Strategies to mitigate the threat of recession will entail the use of low cost strategy to make competitive and affordable smartphones for affected consumers. Recession has reduced purchasing ability of most consumers. This is possible only if the company can have cost advantage through economies of scale, reducing the cost of labor through structuring program being implemented and proper management of inventory to reduce related costs. Increased competition from Apple and Samsung can now be addressed by developing competitive smart phones run by Windows 8 versions. New Lumia smartphones are favorably comparable to those of Apple and Samsung, the firms that edged Nokia from its lofty perch.

Opportunities in emerging markets can be exploited using market expansion strategies. The company can expand to new unexploited markets using dumb phones to spread the risks.  This can be complemented by heavy promotions aided such as advertising, public relations and direct sales. It can also recapture lost markets using advertising that is aided by Microsoft with brand name that is highly recognized across the globe. This way Nokia will manage to increase global market share for smart phones. Outsourcing from reputable companies like Microsoft provides the company with required skills in the company. The current CEO Mr. Elop came from Microsoft Corporation.

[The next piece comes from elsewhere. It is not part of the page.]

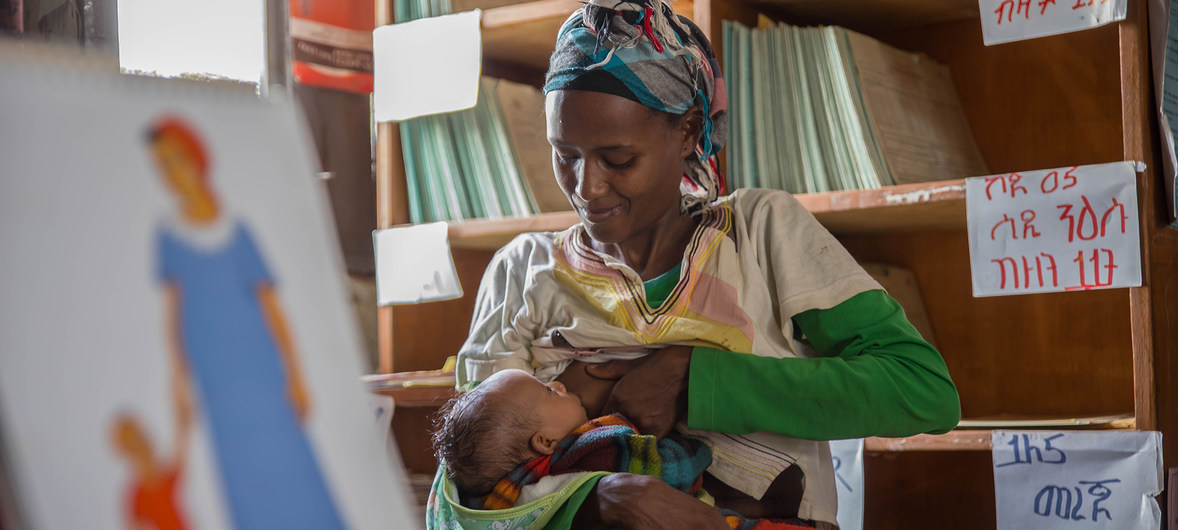 UNICEF kêu gọi các quốc gia giàu có tăng cường nuôi con bằng sữa mẹ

Financial revival is on course due to cost cutting measures being taken in the company.  Wage bill has been reduced drastically and the company is smaller but people are working better as a team. Employs travelling expenses needs to be reduced with use of economy class rather than business class and sharing of rides to various airports. Costly telephone communication needs to be replaced with less expensive internet calling services. Microsoft Corporation has kicked in some money to enable Nokia develop Windows phone operating system. Innovative problems need to be addressed to enable it develop killer phones like iPhone 5 and Samsung’s Galaxy SIII. Entry of Microsoft Windows operating system if well managed, and now structured management and talented employees, Nokia can be able to produce quality phones for customers. Investment in technology, R&D and marketing could lead to desired innovation. The company should use strong brand of Nokia and now Microsoft, and talented staff to develop quality phones and increase sales.

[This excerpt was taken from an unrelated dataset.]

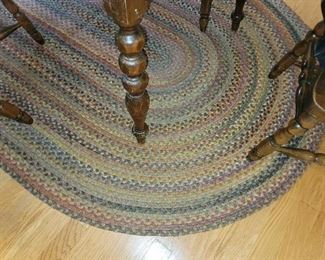 Braided floor rug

Business level strategies are used to develop and sustain the competitiveness of business units in the market or industry using available resources. The three business level strategies are cost leadership, differentiation and focus (Porter, 1985). A change of business strategy in Nokia is inevitable after failing to realize all the three pillar strategy of symbian, feature phones and now Windows phone. The company should now use low cost strategy to gain back lost market share. Differentiation strategies, from mobile phone, to symbian phone and now to Windows phone have failed to realize Nokia’s business objectives. With reduced labor costs and Windows technology, the company can now produce smart phones at a cost lower that competitors. This will help recapture lost markets back given the current economic recession that reduced purchasing ability of most consumers.  This will go a long way in boosting sales and profit margin, a problem created by high cost of production under the former strategy.  The new strategy will reduce the cost of doing business that can be invested in technology and R&D to improve the quality of products and hence competitive advantage (Kroll, Wright and Heiens, 1999). R&D will complement Windows and revolutionize the smartphone technology that has failed to reach expected competitive level with the use of differentiation strategies.